The City of Arts and Music was the result of an international competition, organized by the Municipality of Lecce, in order to restore and integrate the city’s contemporary urban fabric with its ancient quarries (Cave di Marco Vito).
The suspension bridge (Via del Ninfeo) works as a hinge that seamlessly links the old town and the new periphery, not only by literally connecting the northern and southern metropolitan areas but also by making it possible for the park to move unearth it from east to west. In a sense, one could say that Álvaro Siza reused the founding principles of any roman settlement, where the bridge and park respectively become symbolic axes - the Cardo and Decumanus Maximus.
An image of garden platforms spread over the landscape seems an appropriate solution for this project, since it allows for the association of public space and territorial identity, maintaining most of the original elevations and outlines. The poetic reappropriation of the site’s tectonic properties reflects Siza's attitude toward a lossless change, fusing that which is an artificial human intervention and the natural environment. The architect, like the stonecutter before him, highlights this significant affinity between mankind and the world in which it inscribes its own artificiality, therefore resuming a dialectic relationship with the locus within the historical process.
The genius loci, and thus the act of recreating cliff like qualities, is truly what the City of Arts and Music has in common with the bedrocks that surround it. In a way, the architecture turns into the quarry itself by morphologically and functionally mimicking a massive block of stone that works as an innate auditorium for the city. Like a sculptor with marble, Álvaro Siza carved a fully articulated being out of stone, metal and concrete, tellurically anchored to the topography and the bridge, guarding a new urban gateway in the form of a redeveloped train station.
Two very distinct personalities arise from the façades though: the street perspective, where the building resembles accessible and predominantly horizontal, and the park point of view, in which it shifts toward enclosement and vertical layering. Nevertheless, the east and west façades complement this sort of yin-yang paradox, both geometrically and hierarchically, by correspondingly opposing orthogonal/intimate spaces (dressing rooms, rehearsal rooms, administration offices) and oblique/open spaces (bar, restaurant, library). These variations produce an eloquent play of light of shadow on the exterior, as well as emphasize the importance of the main (a)symmetry axis on the interior, at the heart of which lies the concert room. The central placement of the auditorium factored in its acoustic requirements while simultaneously allowing it to interact with four out of the six storeys in the building.
In order to enter the auditorium one needs to pass several levels of privacy, starting off at the most public of places - the street - and walking along the perimeter of a square, compressed in the direction of a foyer than then expands space into the concert hall, through a series of stairs.

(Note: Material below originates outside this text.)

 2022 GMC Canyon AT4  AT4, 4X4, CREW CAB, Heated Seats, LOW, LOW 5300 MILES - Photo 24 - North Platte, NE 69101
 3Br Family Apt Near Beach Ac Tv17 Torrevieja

The secondary auditorium works more as a multipurpose supporting room, in this narrative, especially given that the piazza presents itself as a much larger alternative for concerts and all types of open-air events.

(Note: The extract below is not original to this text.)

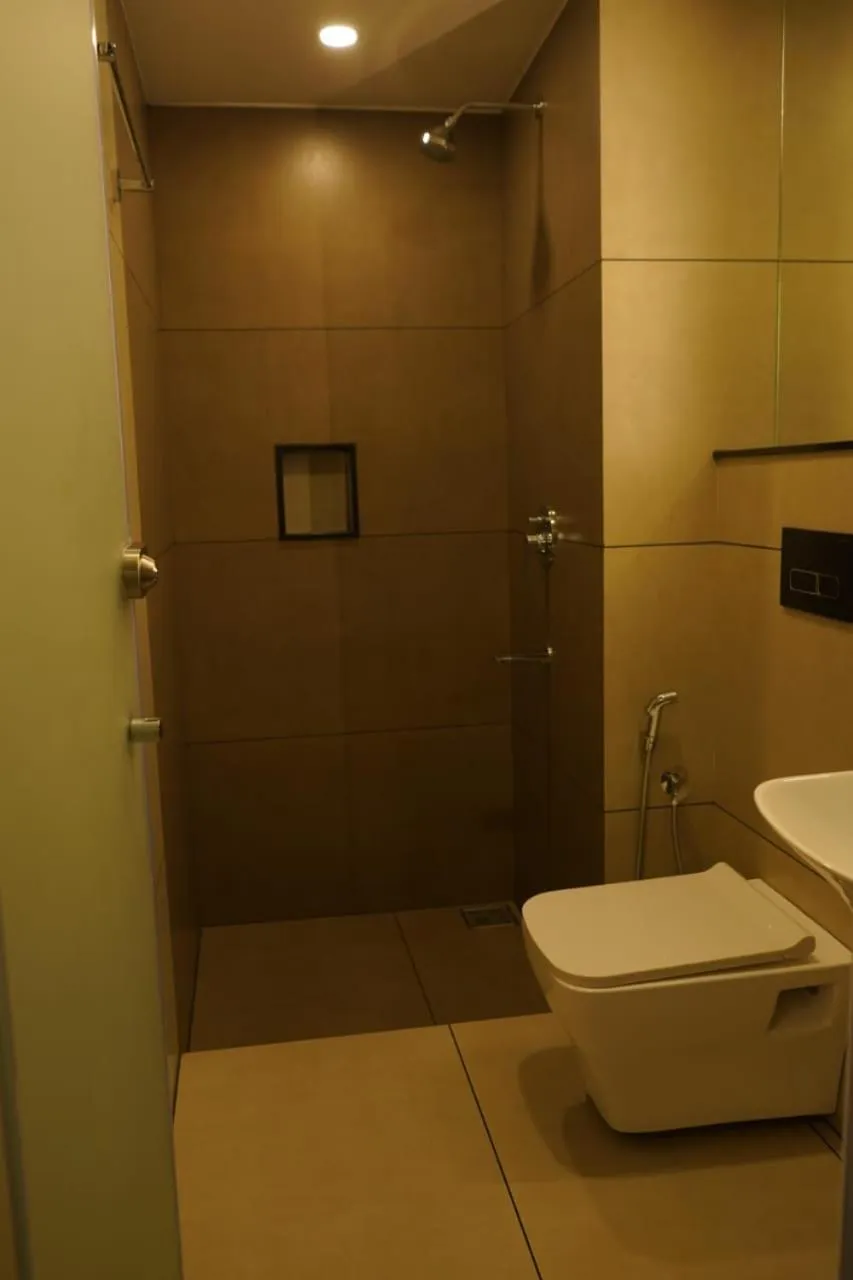 Shower in Hotel Bekal International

Above the volumes flanking the square, accessible roof-gardens relate to the terraces in the park and allow for privileged views of the Masseria Tagliatelle, whose crumbling archway may or may not have influenced the vaulted composition of the outside stage. Either way, more than a simple acoustic canopy or evocation, that architectural gesture is the formal distillation of a crucial dialogue between the foyer, the stage and the square, balancing the angular structure of the complex for technical and aesthetic reasons. This syllogistic duality, regardless of interpretations on organic lyricism, is in a sense a reflection of the territory’s own character, since the project is fundamentally about the quarry’s two contradicting yet complementary qualities: timeless rigor and a wide range of expression.